What you have to do: Reproduce the data in full, exactly as given, leaving images out.

Given material:
-*-

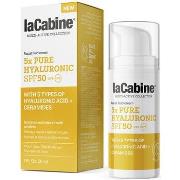 Protections solaires La Cabine 5x Pure Hyaluronic Crème Fluide Visage ...
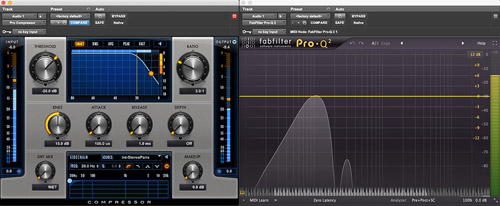 Avid Venue Pro Compressor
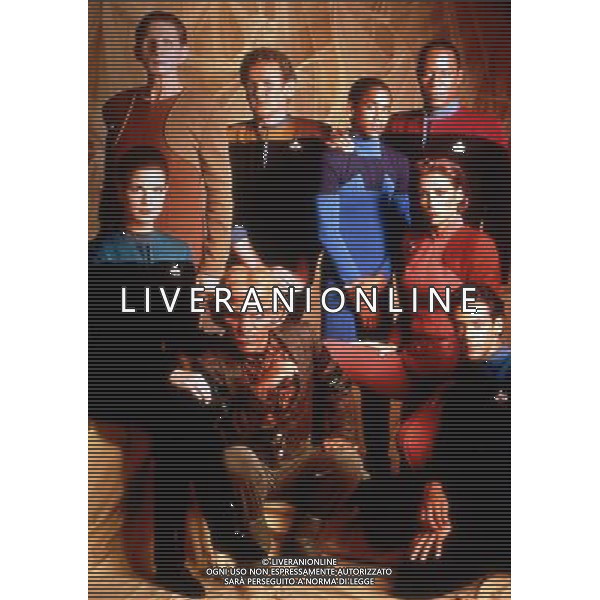 STAR TREK: \'DEEP SPACE NINE\' Serie Televisiva 1993/1999 ©Archivio/AGENZIA ALDO LIVERANI SAS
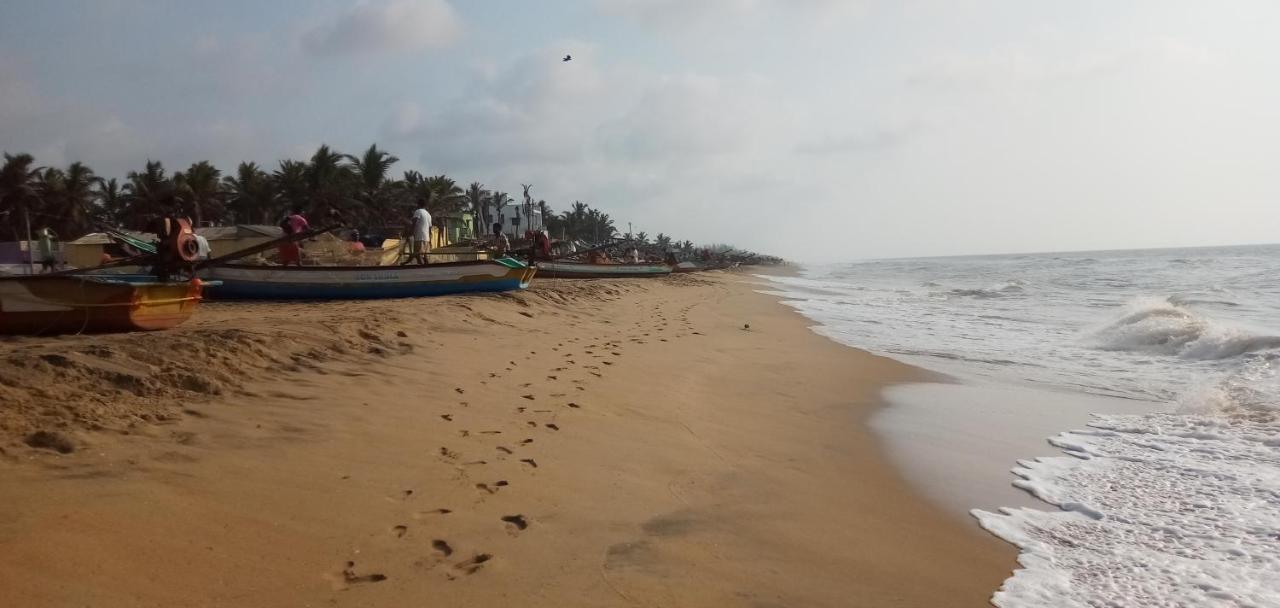 Meya Beach Walk Hotel Mahabalipuram Exterior photo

-*-

Answer to this task:
 Protections solaires La Cabine 5x Pure Hyaluronic Crème Fluide Visage ...
 Avid Venue Pro Compressor
 STAR TREK: \'DEEP SPACE NINE\' Serie Televisiva 1993/1999 ©Archivio/AGENZIA ALDO LIVERANI SAS
 Meya Beach Walk Hotel Mahabalipuram Exterior photo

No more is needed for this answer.